With Halloween upon us, a large number of people are taking this seasonal opportunity to go on ghost walks. While guided walks are an increasing part of the fabric of urban tourism in the UK every summer, Halloween offers an additional opportunity to embrace the spooky stories linked to British cities. It also presents a distinct opportunity to take teaching beyond the standard format of the lecture or seminar room and experiment with alternative ways of communicating and engaging with difficult topics.
In our research for “Spectral cities: Death and Living Memories in the Dark Tourism of British Ghost Walks” (in the upcoming November issue of the journal Urbanities) we found that ghost walks enabled guides to discuss the tragic histories of a city in a way that evaded the normal rules of “dark tourism” or “thanatourism” (Seaton 1996).
Across 14 tours based in London, Brighton, York and Edinburgh, we found that violent histories of Roman conquest, Elizabethan persecution of Catholics or deaths of children in Victorian workhouses were recounted in ways that bypassed the normal mournful, sombre and respectful tones of dark tourism.
Whether this took the form of light-hearted re-enactments with participants, the use of magic tricks or carefully crafted “Boo!” moments, the local historians, paranormal experts, actors and professional tour guides who run these walks use every trick in their arsenal to turn stories of real-life tragedies into engaging vignettes as part of a tour through a city’s history.
Grounding the tragedies in the fabric of the urban environment, the tours use humour, shock and grand drama to draw the audience in, and by recounting many deaths they breathe a city to life.

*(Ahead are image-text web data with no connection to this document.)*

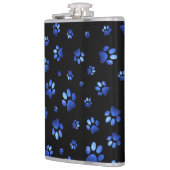 青グリッター犬の足のパターン フラスク (左)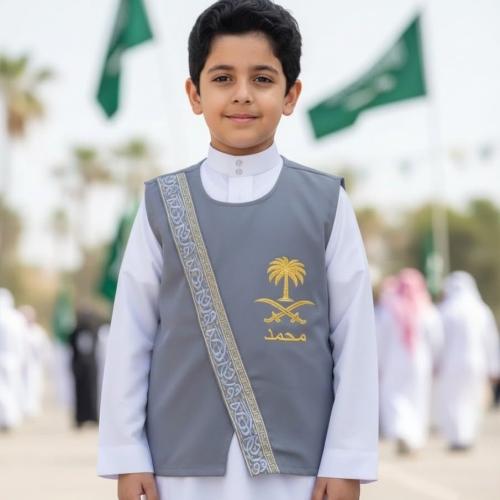 سديري ولادي سادة رمادي فاتح نقشة شريط خط عربي فضي...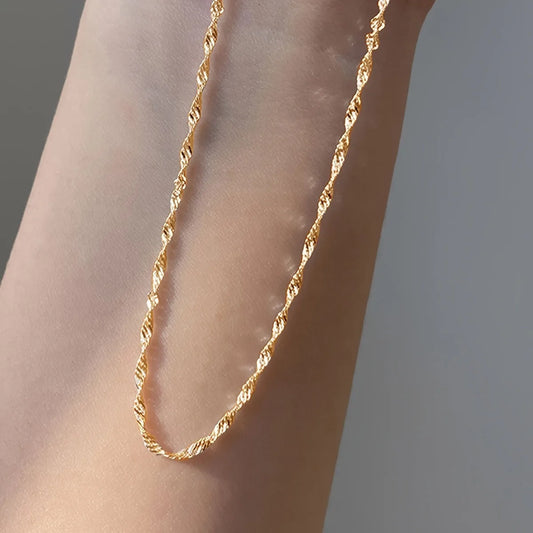 Elegant Gold-Plated Clavicle Necklace – Thin Stainless Steel Chain for Women™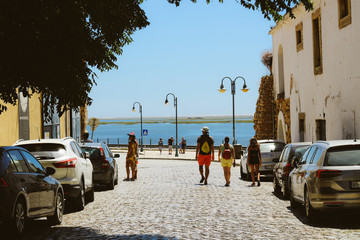 Faro old town near the marina of Ria Formosa. August 2020. Portugal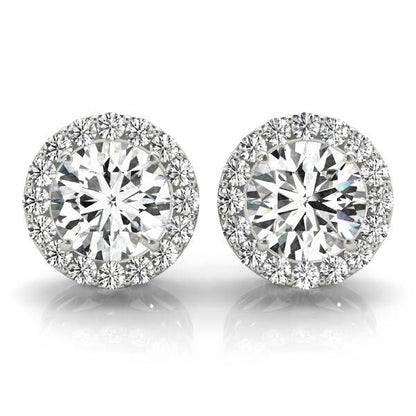 14K White Gold Earrings Halo With 0.59 TCW Diamond (SI2, H-I)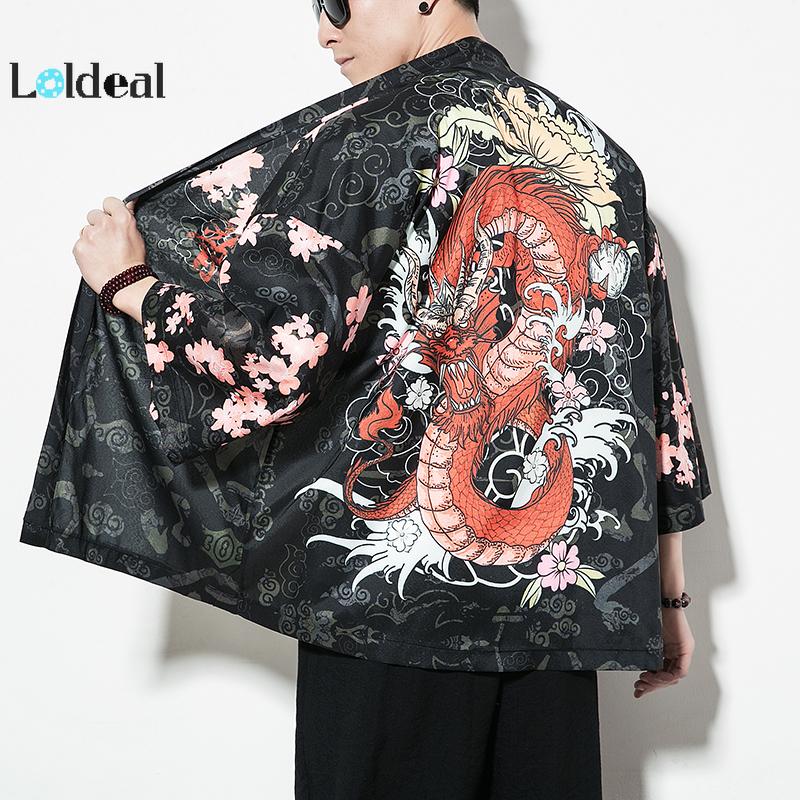 

LOLDEAL Summer Shirt Chinese Style Dragon Printing Kimono Cardigan Men Shirt Hip Hop Streetwear Men Cloak, Black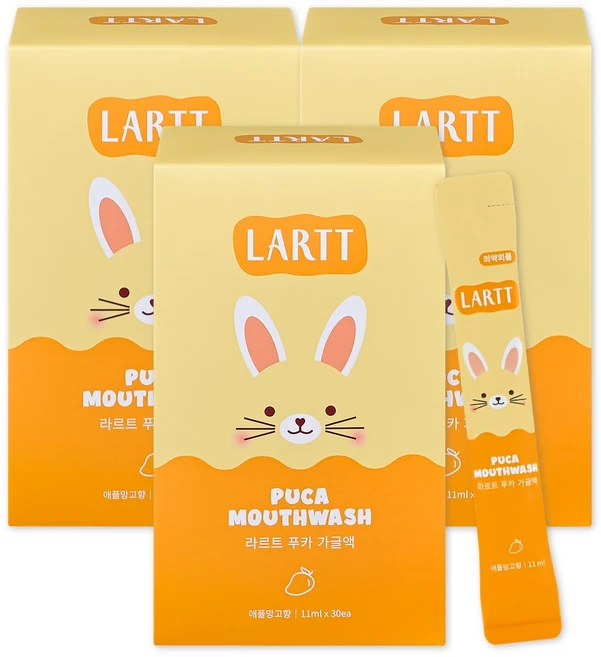 라르트 무알콜 충치예방 어린이가글 일회용 스틱 구강청결제 푸카 가글 애플망고향, 11ml, 90개 - 쿠팡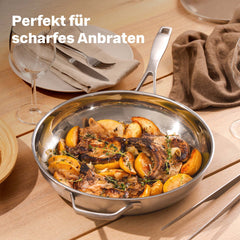 Edelstahlpfanne 32 cm Unbeschichtet
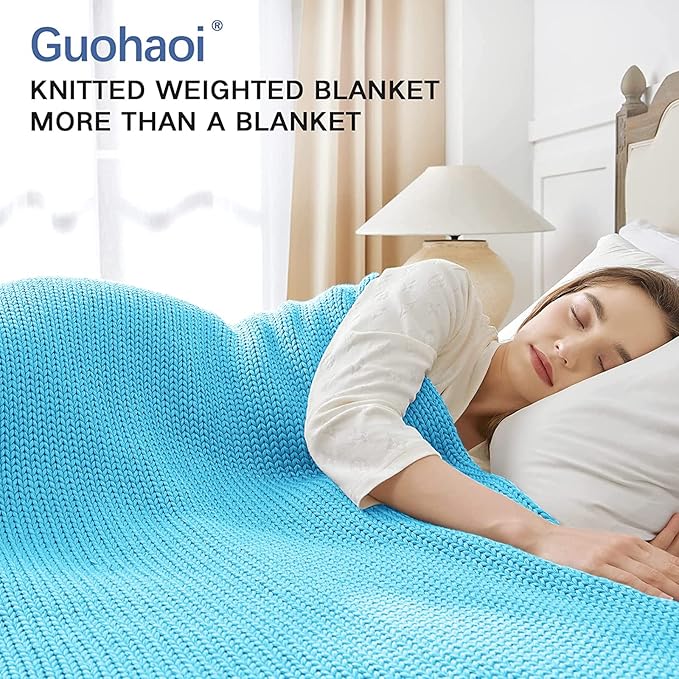 Guohaoi Knitted Weighted Blanket(Blue 50"x75" 20lbs),Home Décor Cooling Throw Blanket for Hot Sleepers,Hand Made Chunky Knit Heavy Blanket for Adults Use on Full Size Bed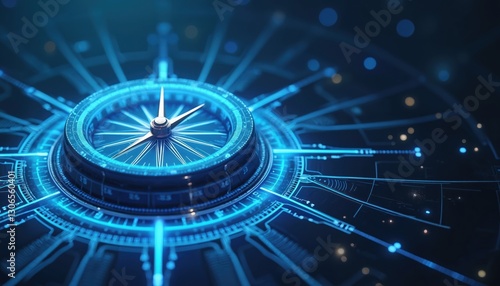 Wallpaper Mural Enhanced compass illustration against blue backdrop. Clock shows time. Circle design with technology concept. Art radar watch, shape, arrow, digital zodiac direction analysis showing connectivity, Torontodigital.ca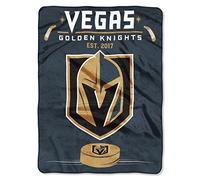 Northwest NHL Inspired Plush Raschel, 152,4 x 203,2 cm, NHL, Black, 60" x 80"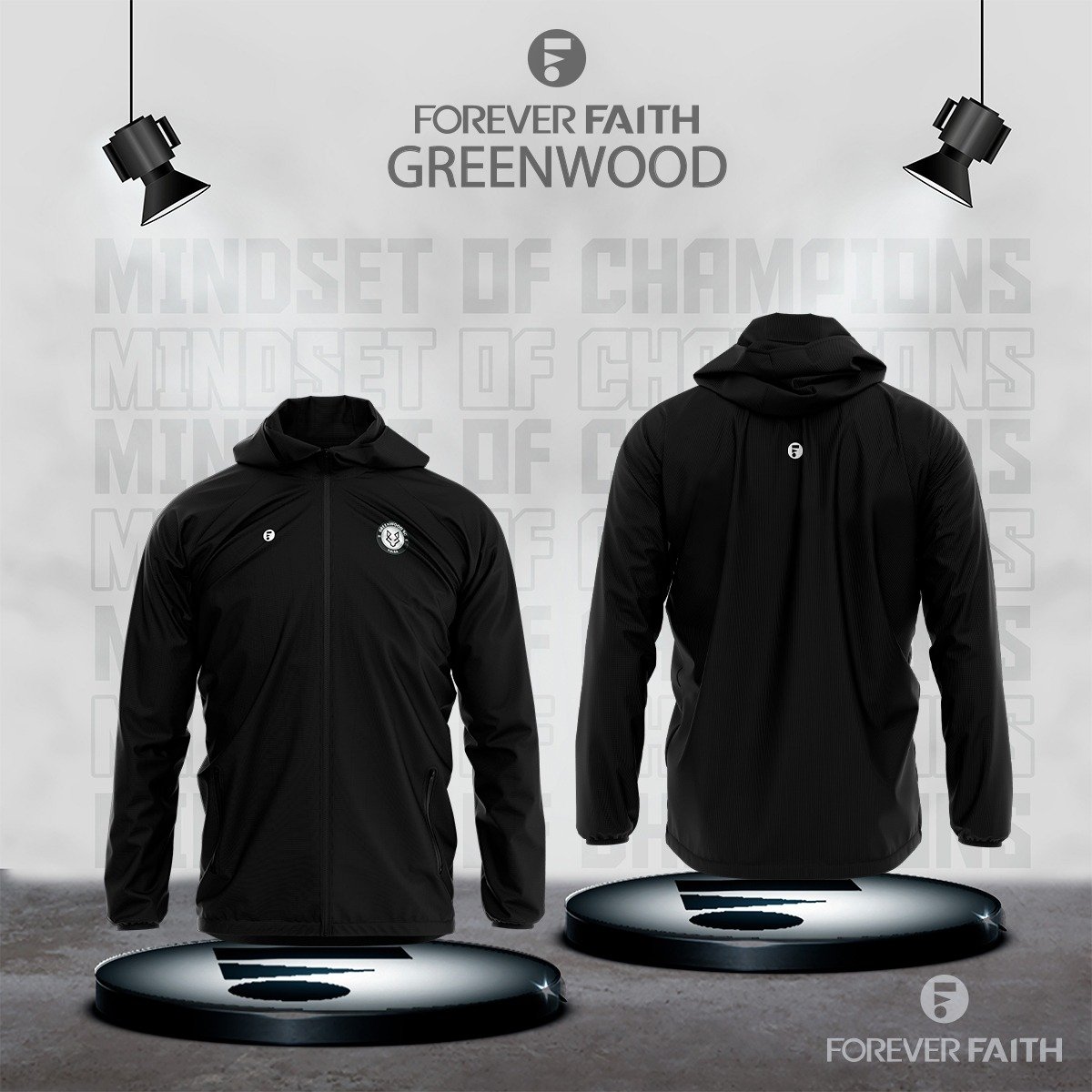 GREENWOOD FULL ZIPPER WINDBREAKER JACKET-BLACK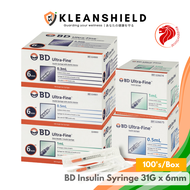 BD Ultra-Fine 6mm x 31G Insulin Syringe Needle 0.3ml, 0.5ml, 1ml (100'S/Box), BD Insulin Syringe 6mm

Ghost tours are part of the wider phenomenon of “dark tourism” – where tourists are drawn to a particular place due to its connection with tragic events. Ordinarily the gravity of these events demand mournful respect. Yet ghost walks misbehave and run contrary to this.
Some of this is to do with temporal distance – as is popularly noted, comedy is tragedy plus timing. But this is not quite a sufficient account; ghosts connected with the Second World War were among those encountered, while elsewhere tragedies relating to the war remain bound by the sombre conventions of dark tourism. Instead we find that the presence of ghosts adds an uncanny aspect that facilitates a shift into the realm of entertainment, and allows difficult histories to be diffused as they are recounted as “ghostly tales”.
In the absence of “ghosts” in higher education (although we’re sure many certainly haunt the corridors of some of our oldest institutions) we need to produce the uncanny ourselves if we are to perform the same trick of making resonant connections with our audience when introducing difficult topics that might otherwise demand expected cultural responses – such as seriousness or mournfulness.
We often feel bound by the format of reading/lecture/seminar or by the conventional manner of delivering PowerPoint lectures, yet it is so refreshing when we find ourselves outside that space.
There is a growing body of HE teaching that uses alternative approaches or subversive methods to bypass the ordinary rules for imparting knowledge. Like ghost tours they embrace place, movement and performance to more readily communicate and engage with their audience.
Les Back, professor of sociology at Goldsmiths, University of London, uses “walking tours”, where moving through the city is used to reflect on everything from the 2012 riots in southeast London to the New Cross fire of 1981.
In another direction, impact manager Kieran Fenby-Hulse’s Academic Cabaret demonstrates how we can flip the conventions of academic presentation if we take ourselves a bit less seriously and embrace performance in our communications.
Ghost walks hint at how conventions can be broken in order to actively engage our audience with the world we are trying to show them. They talk of victims of domestic violence, abandoned children in small attic rooms, bigamous marriages and secret relationships to frame cities as sites full of domestic outrage. And they build a sense of urban life that resonates with stereotypes about atomised individuals and decentralised lifestyles.
All this is made possible through the uncanny nature of ghosts – that focuses on the experience of being immersed in the city, or the spectacle of the narrator – a sleight of hand that allows different ways of learning about the past to slip in.
Bereft of our own handy apparitions, we might look instead to produce something uncanny, playing with conventions to push the boundaries of teaching in an attempt to conjure some chicanery of our own.
Gavin Weston and Helen Cornish are lecturers in anthropology at Goldsmiths, University of London. Justin Woodman is a senior lecturer and senior tutor in anthropology at Goldsmiths, and Natalie Djohari is a research associate in the school of international development at the University of East Anglia.